- [Task description] Word for word, restate the records from their first line through the line with "Heat Gun, TGK®", both ends included; omit each picture.

#### Provided information ####

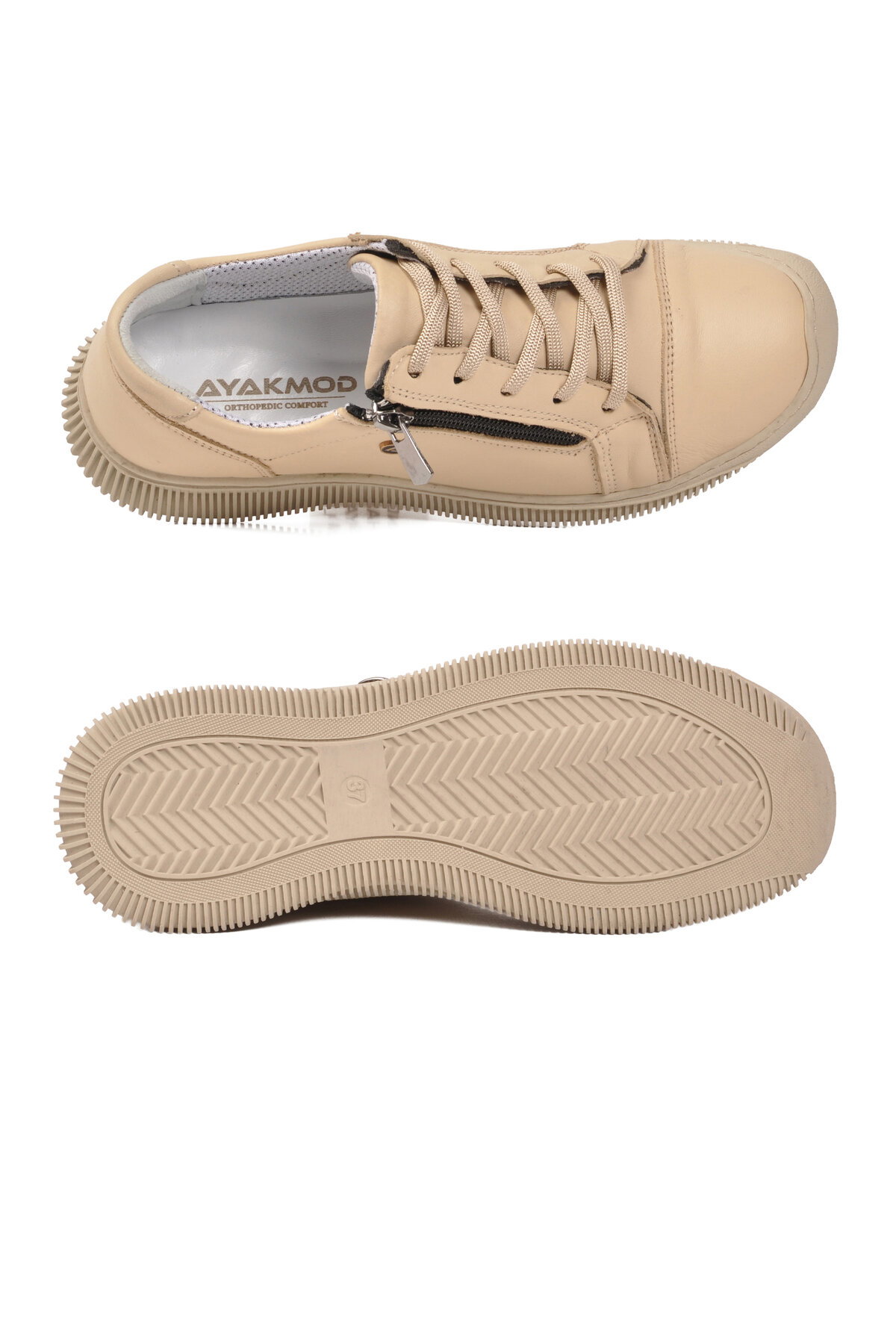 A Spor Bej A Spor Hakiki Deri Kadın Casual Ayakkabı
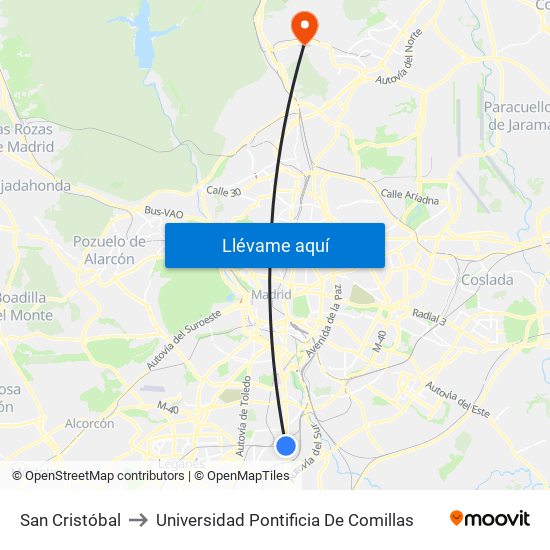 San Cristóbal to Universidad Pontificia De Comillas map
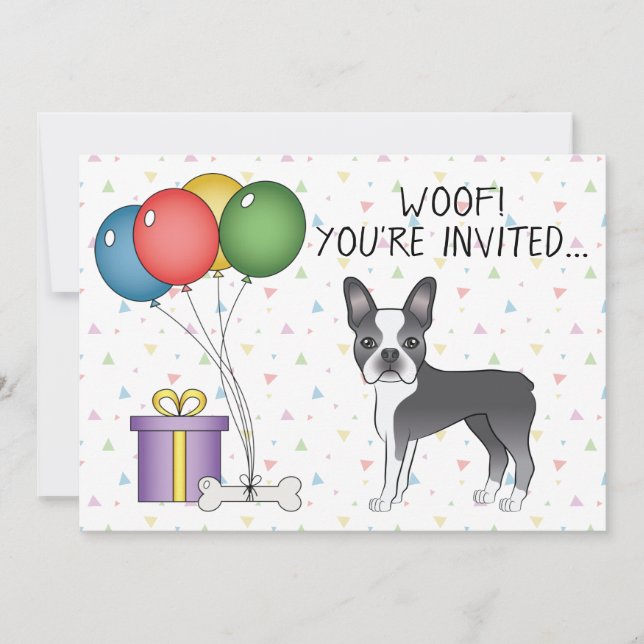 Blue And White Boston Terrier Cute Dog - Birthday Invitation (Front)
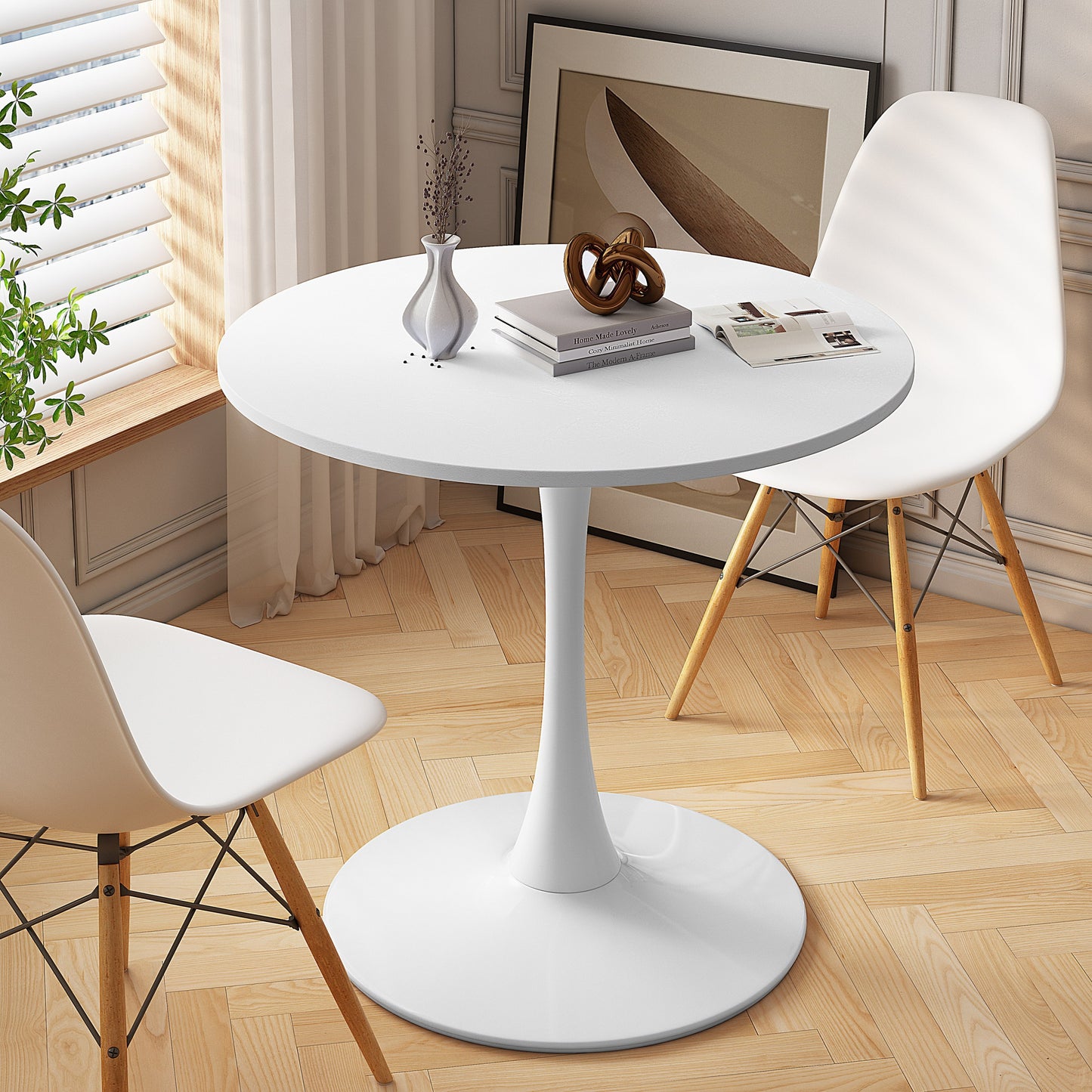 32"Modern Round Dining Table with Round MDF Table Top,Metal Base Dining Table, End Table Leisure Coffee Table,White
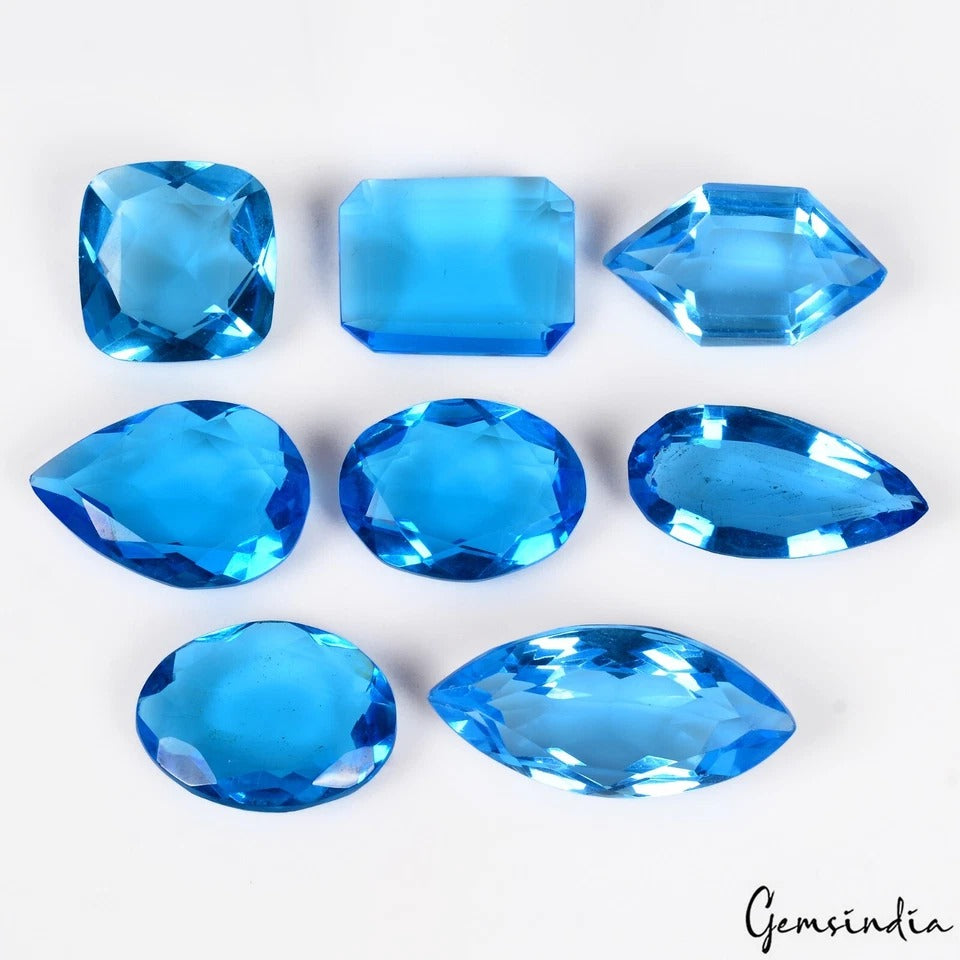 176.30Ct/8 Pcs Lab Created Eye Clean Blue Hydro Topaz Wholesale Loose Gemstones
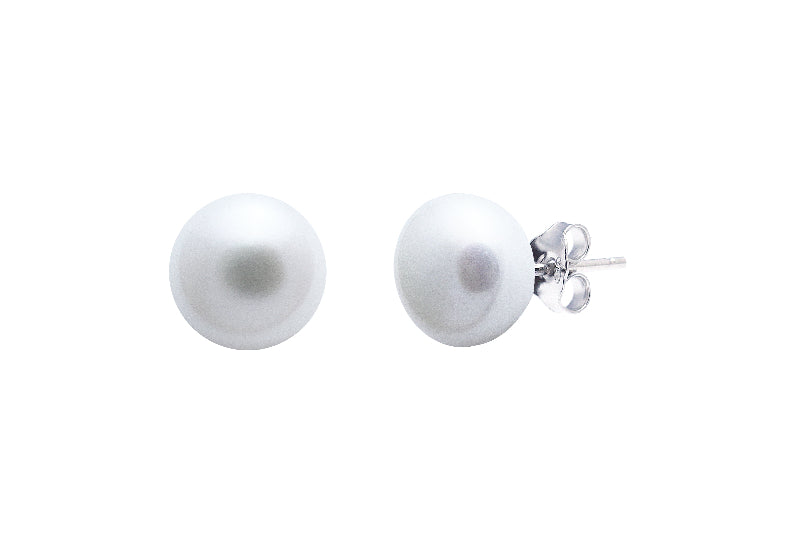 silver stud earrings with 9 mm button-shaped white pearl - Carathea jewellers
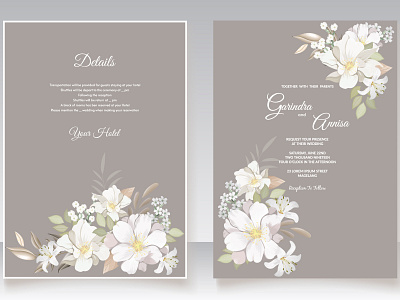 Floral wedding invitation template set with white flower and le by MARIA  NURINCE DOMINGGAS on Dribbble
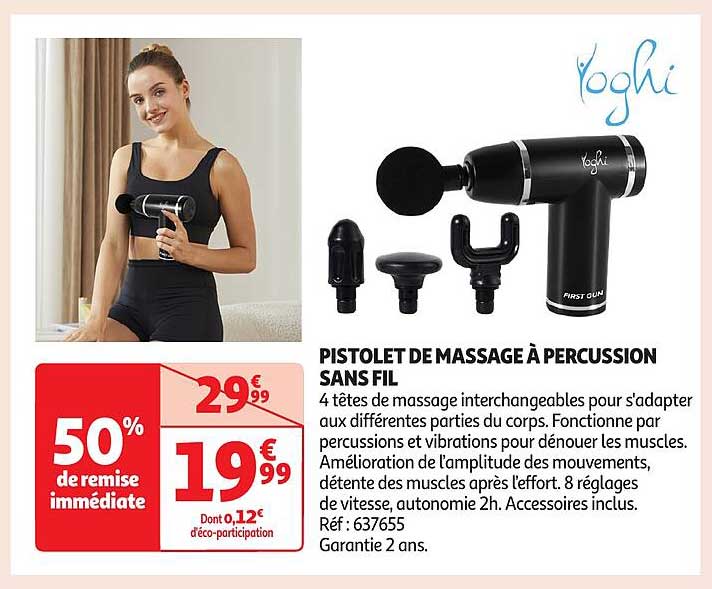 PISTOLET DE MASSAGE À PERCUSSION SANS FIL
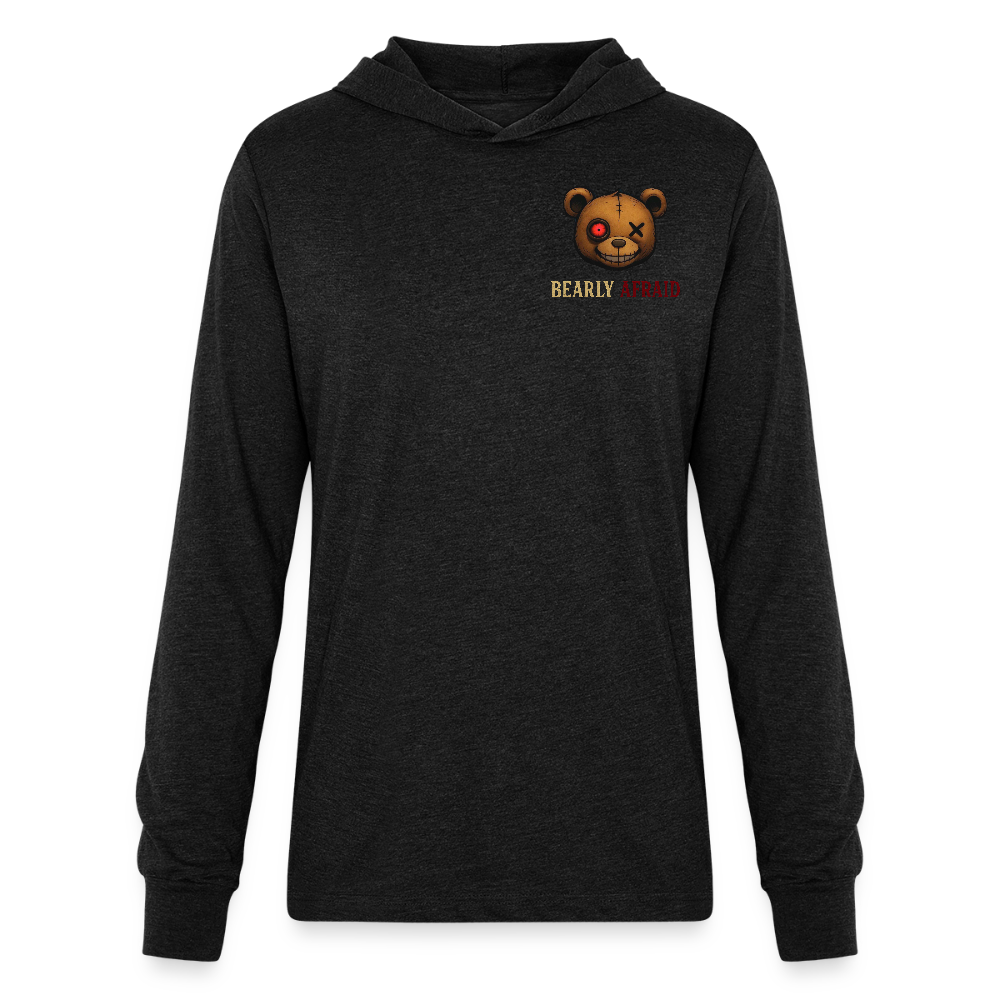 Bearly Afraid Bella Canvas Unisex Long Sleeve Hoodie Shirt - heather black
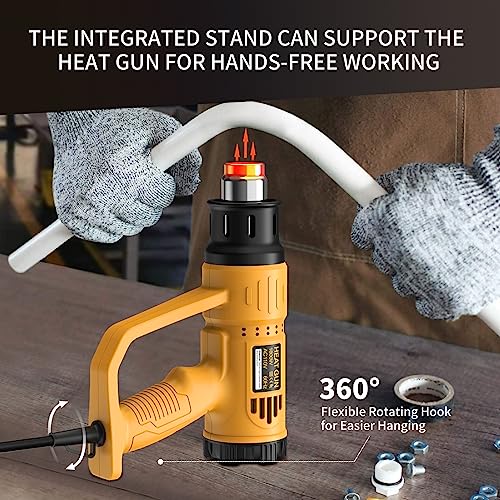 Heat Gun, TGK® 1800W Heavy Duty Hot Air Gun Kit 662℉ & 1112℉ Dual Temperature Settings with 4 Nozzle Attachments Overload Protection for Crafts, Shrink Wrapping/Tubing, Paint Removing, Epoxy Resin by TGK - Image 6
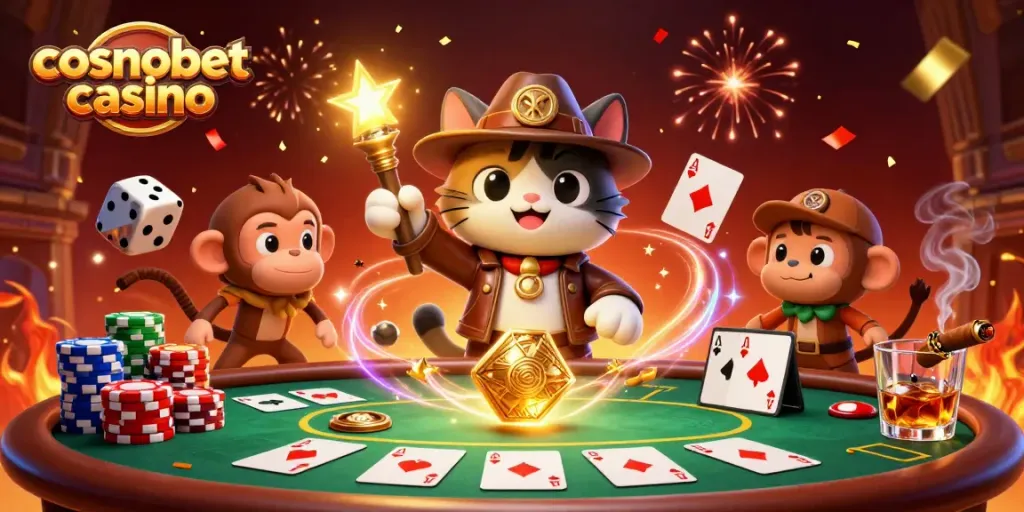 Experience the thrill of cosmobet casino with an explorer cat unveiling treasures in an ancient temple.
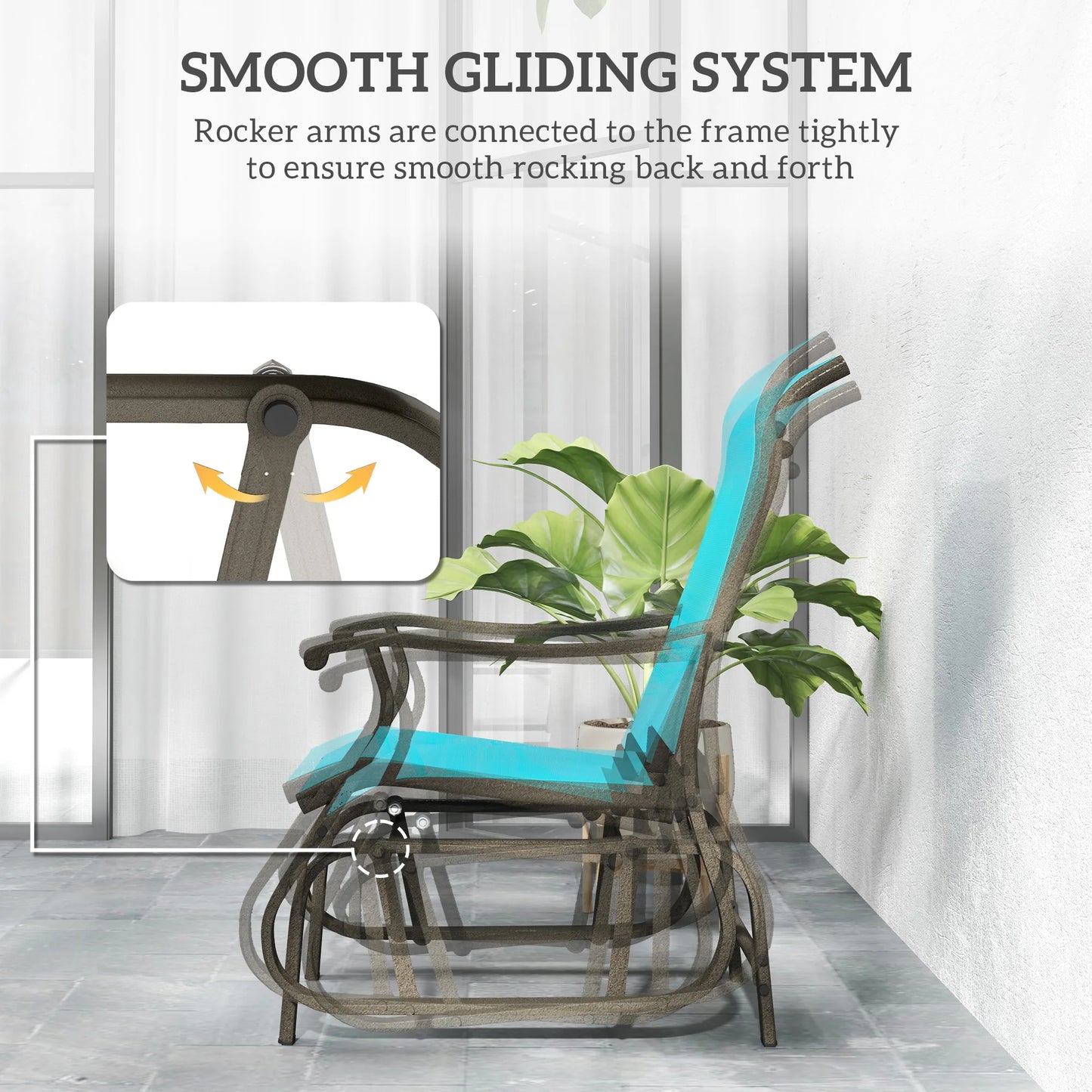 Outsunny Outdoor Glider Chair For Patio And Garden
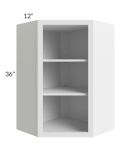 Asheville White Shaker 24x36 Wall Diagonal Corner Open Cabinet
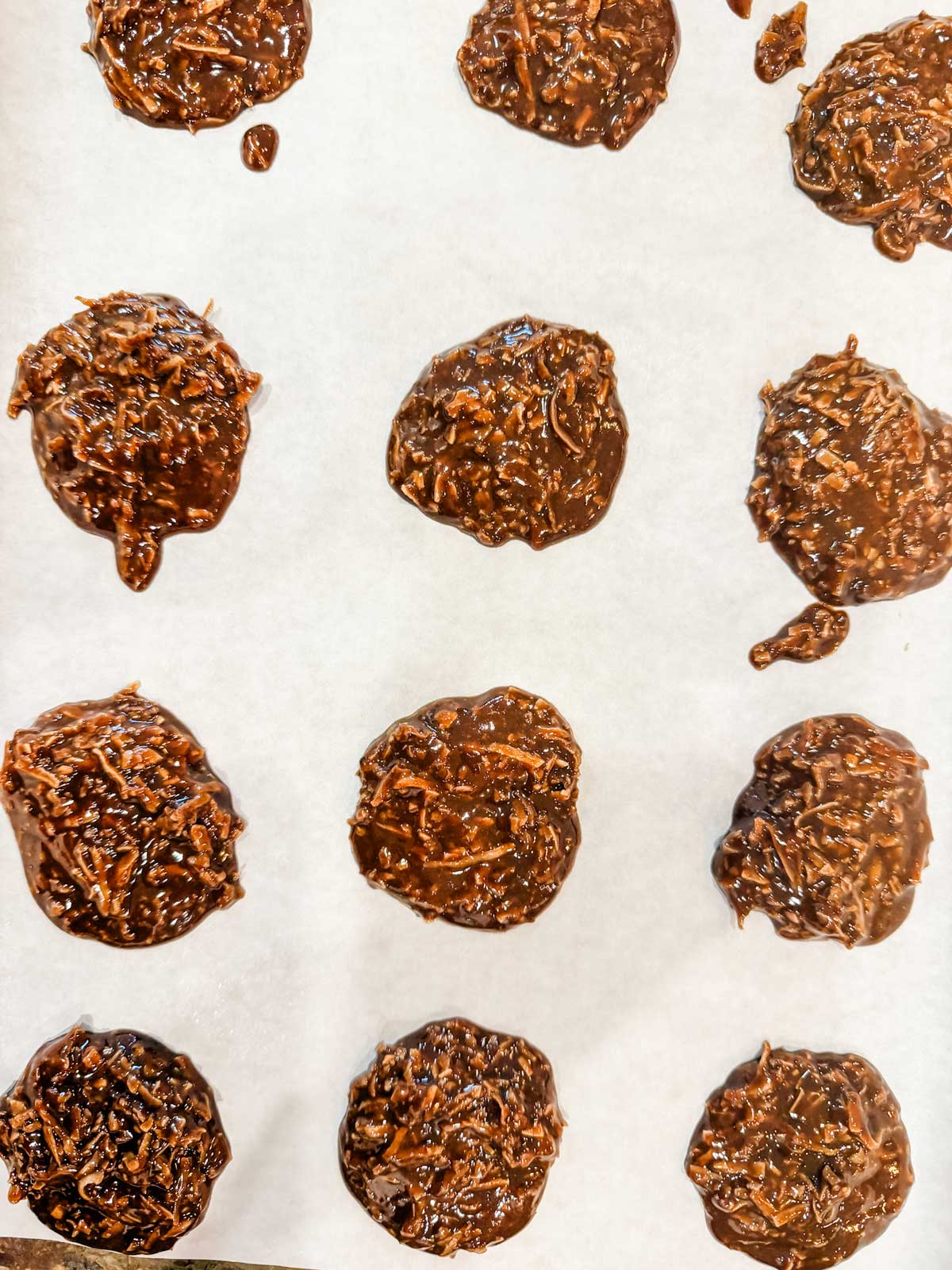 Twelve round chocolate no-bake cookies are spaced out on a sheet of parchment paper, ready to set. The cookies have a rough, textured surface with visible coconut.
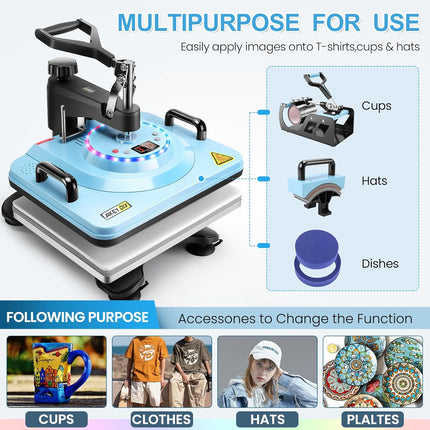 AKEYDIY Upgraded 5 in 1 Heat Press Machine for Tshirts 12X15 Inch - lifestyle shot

####

- [Written answer]
 A Spor Bej A Spor Hakiki Deri Kadın Casual Ayakkabı
 San Cristóbal to Universidad Pontificia De Comillas map
 Blue And White Boston Terrier Cute Dog - Birthday Invitation (Front)
 32"Modern Round Dining Table with Round MDF Table Top,Metal Base Dining Table, End Table Leisure Coffee Table,White
 176.30Ct/8 Pcs Lab Created Eye Clean Blue Hydro Topaz Wholesale Loose Gemstones
 silver stud earrings with 9 mm button-shaped white pearl - Carathea jewellers
 Floral wedding invitation template set with white flower and le by MARIA  NURINCE DOMINGGAS on Dribbble
 PISTOLET DE MASSAGE À PERCUSSION SANS FIL
 Bearly Afraid Bella Canvas Unisex Long Sleeve Hoodie Shirt - heather black
 Heat Gun, TGK® 1800W Heavy Duty Hot Air Gun Kit 662℉ & 1112℉ Dual Temperature Settings with 4 Nozzle Attachments Overload Protection for Crafts, Shrink Wrapping/Tubing, Paint Removing, Epoxy Resin by TGK - Image 6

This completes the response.